It just hangs... I see no open issues for checkoutV4...

0 replies

jefflightweb · 2024-05-09T02:48:23Z

jefflightweb May 9, 2024
Author

Thank you, I have completed steps 1 through 6...

ctoestreich · 2024-05-09T17:36:53Z

ctoestreich
May 9, 2024

We are also experiencing this issue. During the checkout it just hangs at the last step when running checkout@v3 or checkout@v4. All we see is the node16 or node20 process running the dist/index file in the checkout which gets hung.

10 replies

jeredp May 9, 2024

Unfortunately, 2.315.0 does not seem to work either.
When we execute the run.sh --check, it still hangs on the "Check: Node.js Certificate/Proxy Validation" indefinitely

jefflightweb May 9, 2024
Author

I am starting to suspect an issue with GHA infrastructure combined with insufficient timeout function in the runner itself...

ctoestreich May 9, 2024

Our most recent attempt was to replace the node16 in the externals dir with node20 and that also hung on the ./run.sh --check at the same spot. Screen shot to verify that we replaced the pathing

ctoestreich May 9, 2024

Perhaps, but anything that is running node is causing the issue. The weird part is that we have dozens and dozens of runners still working that have been running prior to this week (approx prior to May 3). Every runner we have spun up since then using terraform using the same AMI, github runner version and node versions are now suffering from the forever pause when they try do to anything in node16 or node20

ctoestreich May 9, 2024

We have now also switched out the externals node for v22.1.0 and the checkout action is still stuck. We are going to try setting the github runner process to force it to node20 vs node16 as it seems the runner process itself is still using 16 so might be something with the process node version?!?!

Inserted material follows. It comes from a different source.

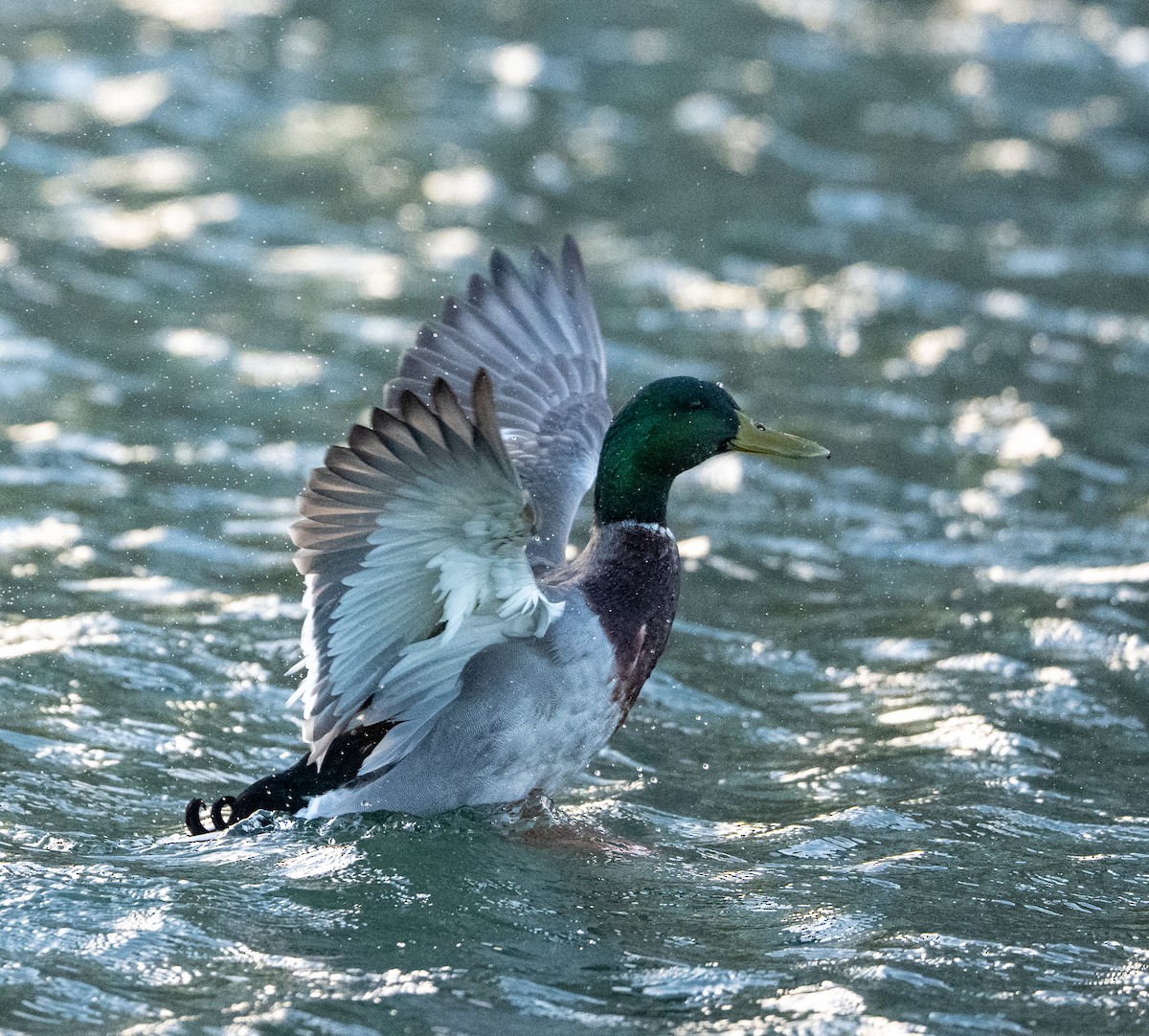 Mallard - ML645338292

ctoestreich · 2024-05-09T18:46:44Z

ctoestreich
May 9, 2024

Incidentally the post checkout step also runs the checkout node step and gets stuck... 😿

0 replies

ctoestreich · 2024-05-09T19:24:01Z

ctoestreich
May 9, 2024

@jefflightweb do you have a firewall or egress white/black listing where you host your runners? We certainly do and are wondering if we are missing a whitelist IP/DNS or something new that was introduced recently that could be getting "stuck" without a retry or error handler.

1 reply

jefflightweb May 9, 2024
Author

No firewall issues here, our runners are in a separate VPC with proper security group and no outbound ACLs that would cause interference here... And they've basically been the same for months now. No changes.

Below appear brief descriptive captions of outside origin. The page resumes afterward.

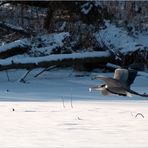 Fliegender Eiszapfen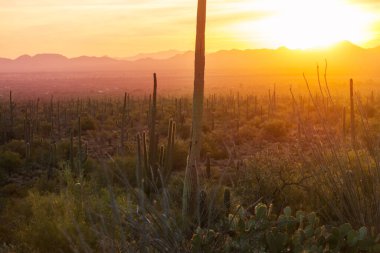 Büyük Saguaro kaktüsü bir dağda, Arizona, ABD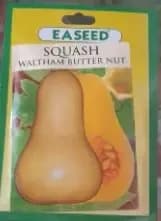 SQUASH WALTHAM BUTTER NUT SEEDS 50g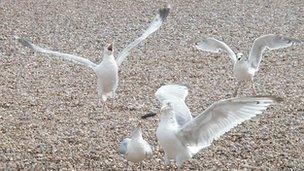 Seagulls in Aldeburgh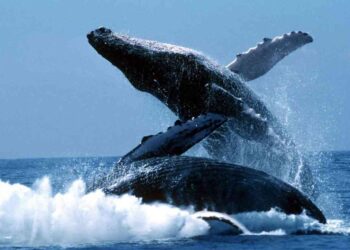 حيتان الأوركا القاتلة تهاجم أكبر مخلوقات الأرض (فيديو)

jefflightweb · 2024-05-10T12:43:09Z

jefflightweb
May 10, 2024
Author

Another day and this is still broken. :-(

0 replies

ctoestreich · 2024-05-10T12:43:51Z

ctoestreich
May 10, 2024

We have 5-6 of our senior engineers working on this and nothing has presented itself and GitHub support has been engaged and their theory and comments seem to imply its something we did, but all we did was start runners using terraform the same way we always have on the same AMI and runner libraries. These were set to autoupdate the runners and we can see working runners started on 2.314 and are now on 2.316 through that auto-updating process. However even starting new runners on older versions with auto-update turned off still do not work. New versions of the runner 2.316.0 or 1 are also still not working on newly started machines.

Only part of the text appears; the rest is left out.